Festival jury
JO BLAIR
Jo Blair has worked in cinema exhibition for over ten years, initially at Oasis Cinemas and Zoo Cinemas. In her current position as Senior Programmer at City Screen, Jo programmes the Cameo in Edinburgh, David Lean in Croydon, Duke of Yorks Picturehouse in Brighton, Electric Birmingham, Forum Hexham, Harbour Lights Picturehouse Southampton, Hyde Park Picturehouse Leeds and The Rex in Berkhamsted. Over the years she has been involved in programming or working with various film festivals and in expanding the range of cinema programmes. This has included working with Art Angel at Ritzy Brixton on Matthew Barney’s Cremaster Cycle installation and screenings, and a current collaboration with the Serpentine Gallery on Serpentine Cinema, a monthly artist film slot at the Gate cinema in Notting Hill.
HÜLYA KOÇYİĞİT
Hülya KOÇYİĞİT is the Turkish actress who today still holds the record for the highest number of awards received from national and international film festivals. Her work has been honoured with countless awards from a wide range of press, public and national bodies and institutions.

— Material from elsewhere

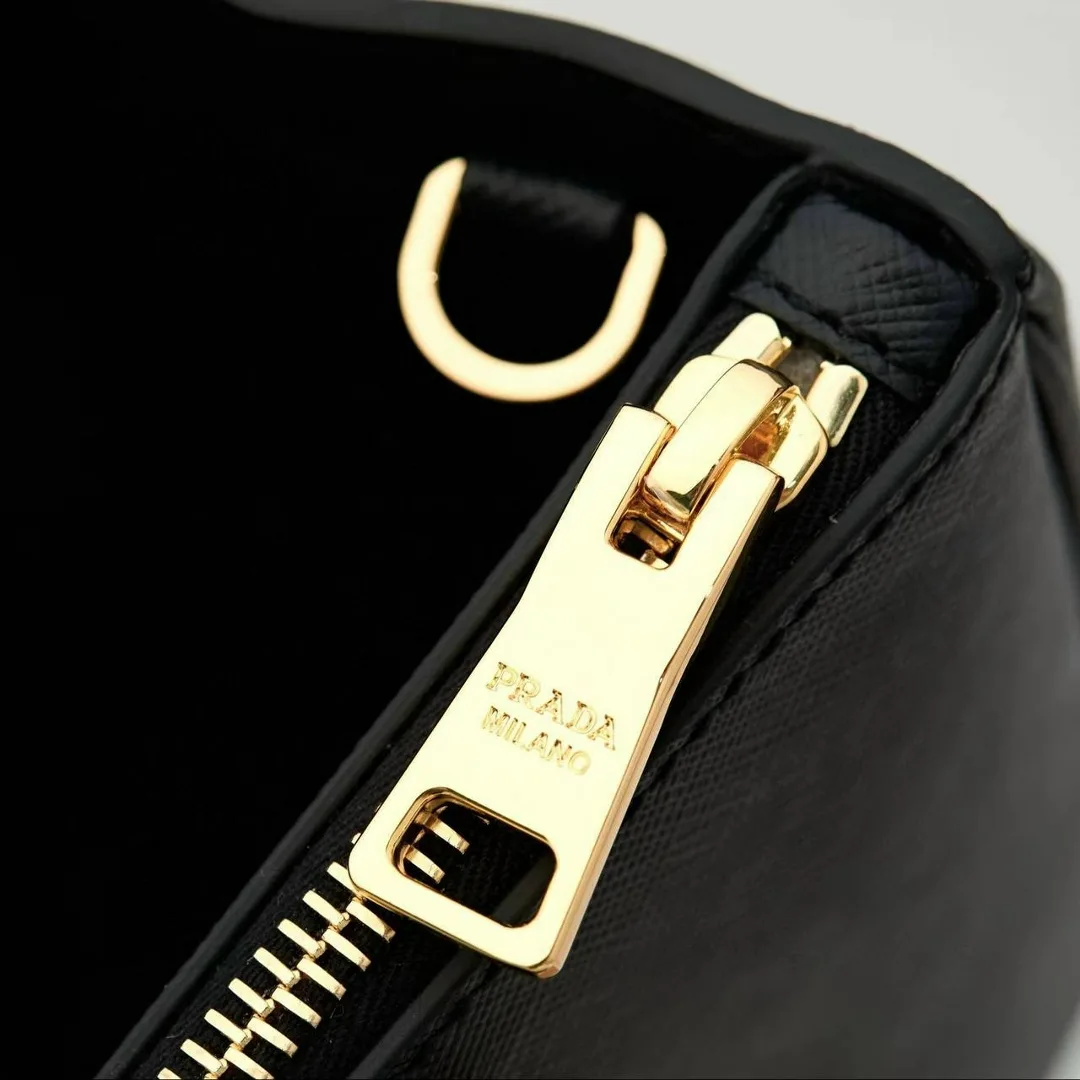 Средняя сумка Prada Galleria из кожи Saffiano с чёткой формой — фото 8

Hülya KOÇYİĞİT was born in Istanbul on 12th December 1947. She completed her primary education in Istanbul and Ankara and started her arts education in the Department of Ballet at Ankara State Conservatory. She graduated from the junior high school department of Atatürk Girls High School and continued her education in Istanbul City Theatres. And she continued her high school education at the Department of Theatre at the Ankara State Conservatory.
Hülya KOÇYİĞİT’s career as an actress began in 1963. SUSUZ YAZ, her first movie, was awarded the ALTIN AYI (GOLDEN BEAR), the grand prize at the Berlin International Film Festival and the first major award to be given to a Turkish film. She subsequently acted in some 180 films, starred in four TV series and has represented the country at Turkish Film Weeks in Hungary, Poland, China, Germany, Syria, Italy, Japan and India. In 1991 Hülya KOÇYİĞİT was recognised as a STATE ARTIST OF THE TURKISH REPUBLIC.
DAVID PARKINSON
David Parkinson has been a film critic for 25 years, specialising in foreign-language films and British and American classics from the silent era to the mid-1970s. A contributing editor on Empire magazine since 1998, he also reviews for the Radio Times, the Oxford Times and MovieMail, while also contributing articles and blog items to the Guardian Film website and the US site, Film In Focus. He also writes the Festivals & Seasons page on Empire Online, which provides the UK’s most comprehensive coverage of film festivals and retrospectives (http://www.empireonline.com/festivalsandseasons/). A regular broadcaster on BBC national and local radio, he has also written and edited a number of books, including The Bloomsbury Good Movie Guide, A History of Film, The Young Oxford Book of Cinema, Mornings in the Dark: The Graham Greene Film Reader, Oxford at the Movies and The Rough Guide to Film Musicals. He is currently working on Liverpool at the Movies and 100 Ideas That Changed Film.
JASON WOOD
The Director of programming for Curzon Cinemas (whose cinemas include Curzon Soho, Curzon Mayfair, The Renoir and Richmond Filmhouse), Jason Wood is also the author of several published film books. Titles include: 100 American Independent Films, Nick Broomfield: Documenting Icons, The Faber Book of Mexican Cinema and 100 Road Movies. His writing also appears in Little White Lies, Electric Sheep and Sight and Sound. A former board member of the Cine City Film Festival and a member of the advisory group for Abandon Normal Devices, Wood also served on the Sutherland Jury at the 2007 Times BFI London Film Festival.